Ablenkbarkeit durch Reizüberflutung

Es gibt jedoch auch eine Kehrseite, mit der sich Hochsensible auseinandersetzen müssen. Allen voran können sie ihre Bedürfnisse nach mehr Zurückgezogenheit, Ruhe und niedrigerem Reizreichtum in der Regel nicht in unseren Berufsalltag integrieren. Dadurch kann es schneller zu Erschöpfung und Überforderung kommen. Durch die erhöhte Reizwahrnehmung kommt es zudem zu einer erhöhten Ablenkbarkeit: Konkurrieren viele Umgebungsreize um die Aufmerksamkeit, fällt das Fokussieren auf eine Sache schwer. Darüber hinaus werden hochsensiblen Personen erhöhte Selbstzweifel nachgesagt. Zum einen liegt das vermutlich an den (Alltags-)Schwierigkeiten von Hochsensiblen, zum anderen gehört dieser Wesenszug wahrscheinlich häufig einfach zu ihrem Charakter dazu.

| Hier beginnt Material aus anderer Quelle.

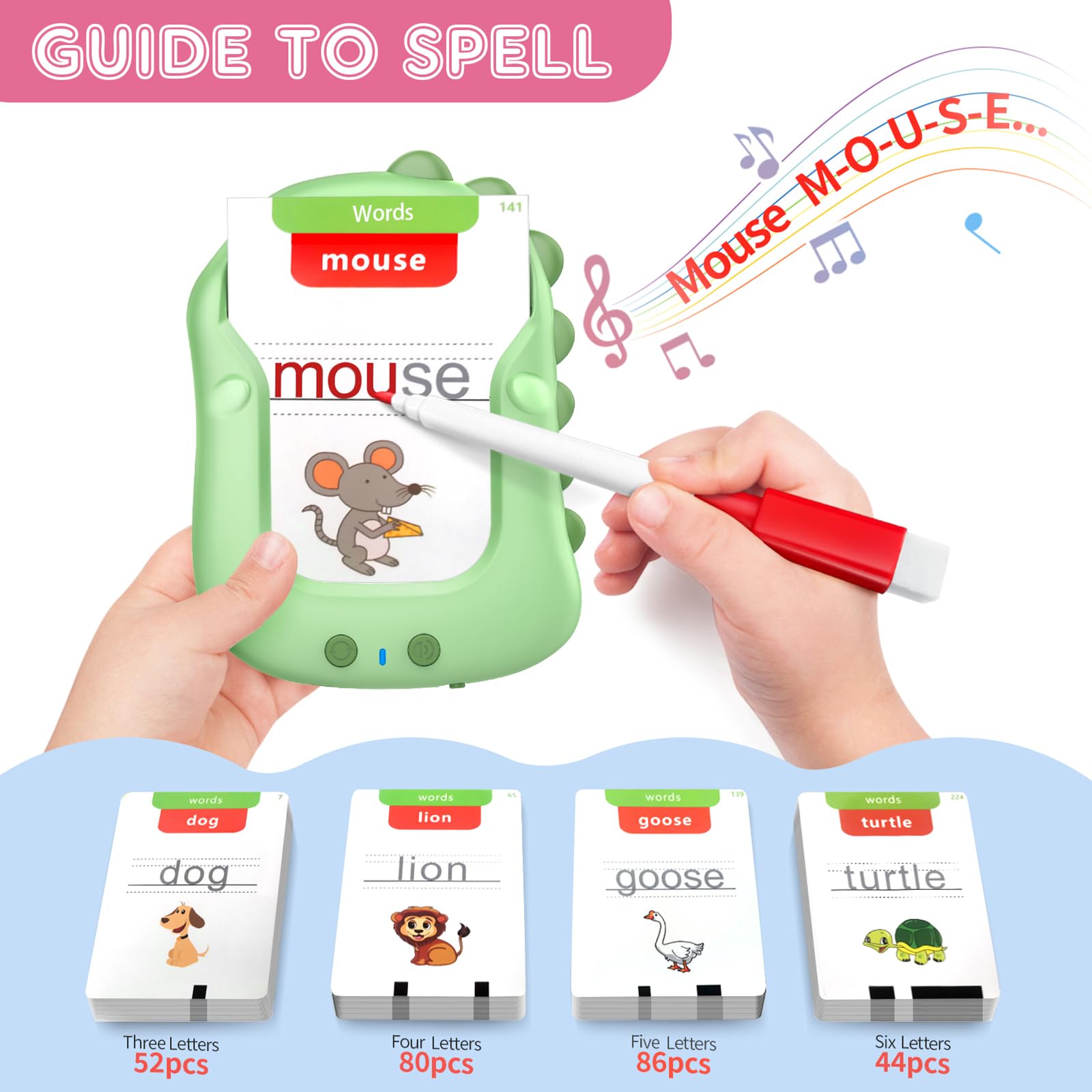 Lucky Cup phonics learning cards with colorful visuals to boost early literacy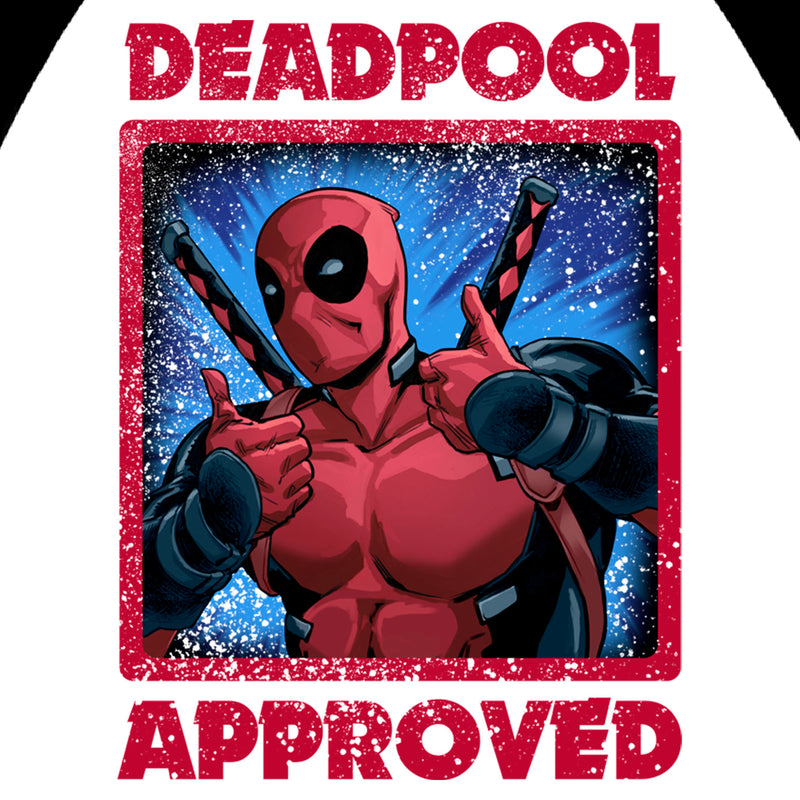 Men's Marvel Deadpool Approved Baseball Tee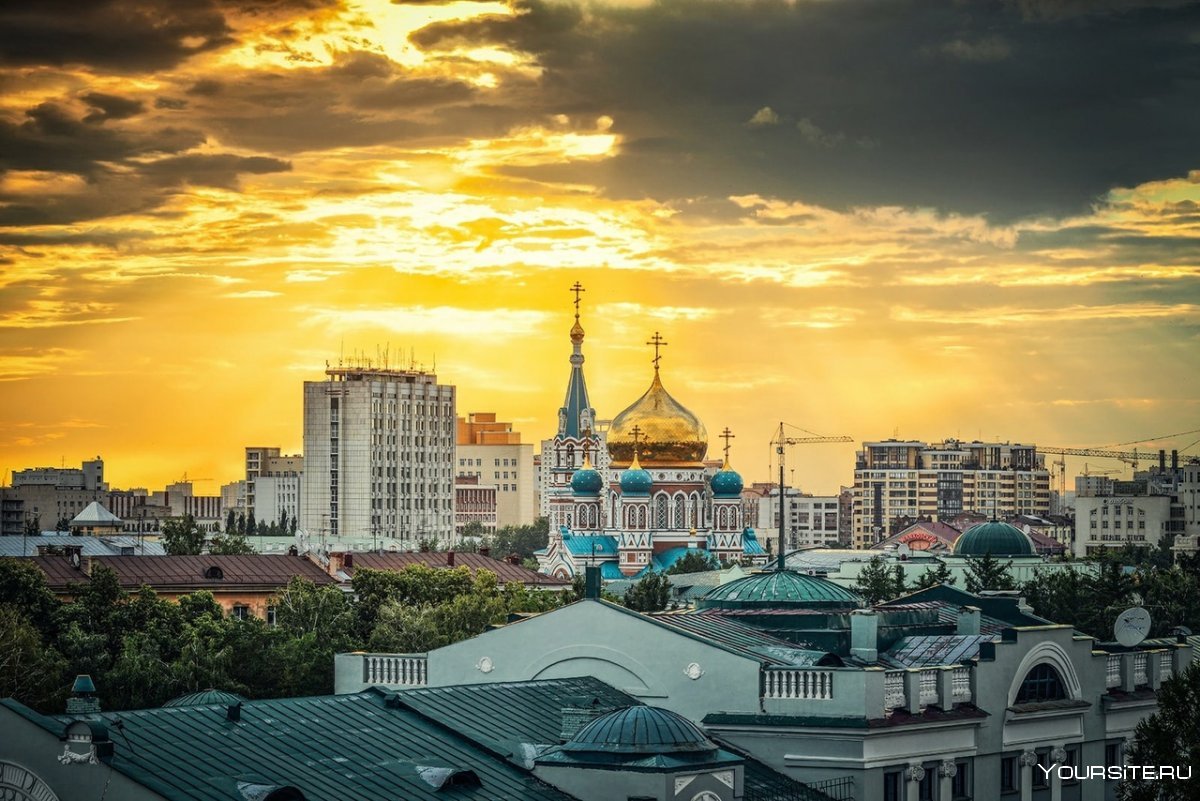 Закат в Омске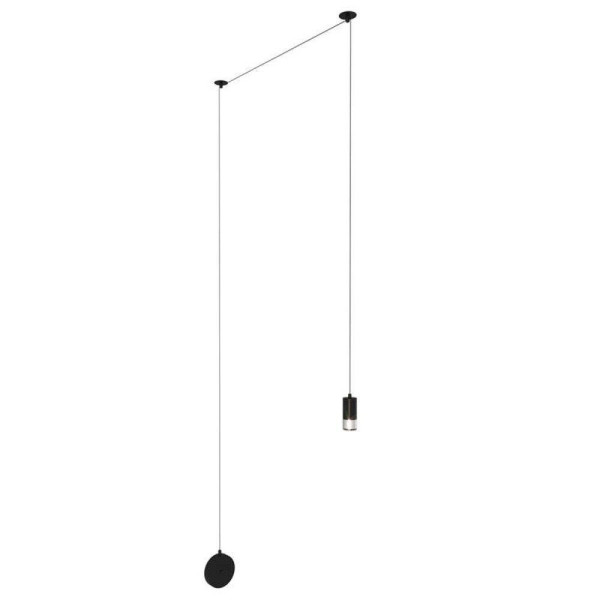 Lampa ścienna LINEA-1 WALL czarna kinkiet wiszący
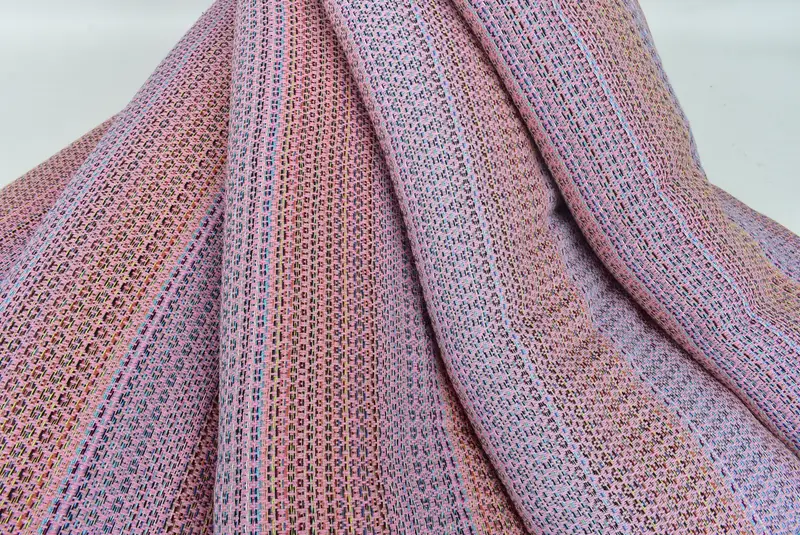 Woven Blanket, Personalized Blanket, Organic Throw, 90x88 Cotton Colorful Diamond Towel, Throw Blanket Couch, Personalized Wedding Gift For Couple - 5
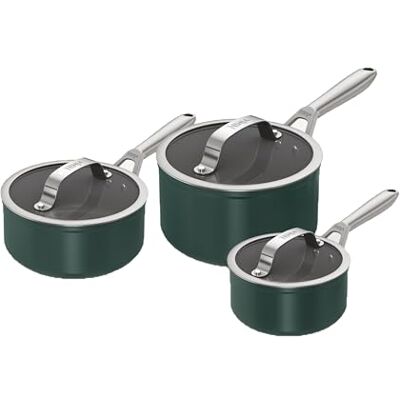 Ninja ZEROSTICK Ceramic Pro 3-Piece Pan Set, Green CW33000UKGN Ninja ZEROSTICK Ceramic Pro 3-Piece Pan Set, Green CW33000UKGN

Lösungen für einen ausgeglichenen Arbeitsalltag

Was kann man „Betroffenen“, Kollegen, Mitarbeitern oder Vorgesetzten zum Umgang mit Hochsensibilität empfehlen, damit einhergehende Schwierigkeiten reduziert werden können? Hochsensiblen selbst ist zu raten, dass sie sich immer wieder kleine Auszeiten vom bunten Arbeitsalltag nehmen. Sei es hin und wieder eine alleine verbrachte Mittagspause oder zwischendurch ein kleiner Spaziergang. Womöglich sind Einzelbüros Mehrpersonenbüros vorzuziehen. Wenn das nicht möglich ist, haben Sie Mut und fragen Sie Ihren Vorgesetzten, ob Sie zum Beispiel etwas früher als Ihre Kollegen anfangen dürfen, um ein wenig ungestört arbeiten zu können. Manchmal hilft es, wenn Sie als „Betroffener“ in einem vertraulichen Rahmen Ihre Gedanken und Bedürfnisse offen ansprechen und somit Missverständnisse gar nicht erst aufkommen lassen. Das ist aber kein Muss und zu viel (Selbst-)Erklärung nicht notwendig. So ist es in der Regel für alle Beteiligten am besten, wenn eine Hochsensibilität nicht zum beherrschenden Thema gemacht und eine Person dadurch darauf reduziert wird oder sich selbst darauf reduziert.

Tipps für das Umfeld

Kollegen, Mitarbeitern und Vorgesetzten kann mit auf den Weg gegeben werden, dass sie das Bedürfnis nach Rückzug nicht persönlich nehmen sollten. Genannte Momente des Alleinseins dienen als Kraftquellen für Hochsensible und zur Prävention von Stressempfinden und Belastung. Darüber hinaus ist Feedback für Hochsensible, trotz der häufigen Selbstzweifel, genauso wichtig wie für alle Mitarbeiter. Es ist generell jedoch hilfreich, sich das Sprichwort „Der Ton macht die Musik“ ins Gedächtnis zu rufen. Allerdings ist das kein Aufruf zum Auspacken der Samthandschuhe.

Und in diesem Sinne ist auch der gesamte Artikel nicht gemeint. Er ist vielmehr als Appell zu verstehen, ob nun als direkt oder indirekt „Betroffener“, die damit einhergehenden Stärken auf vielfältige Weise einzusetzen und Schwierigkeiten keinen Raum zu geben. Und schlussendlich rüstet das Wissen um Hochsensibilität und ihre Auswirkungen „Betroffene“, Kollegen, Mitarbeiter sowie Vorgesetzte genau dazu aus: Jedem Arbeitnehmer und damit Menschen soll ermöglicht werden, sein volles Potenzial zu entfalten und unter guten Bedingungen sein individuell Bestes geben zu können.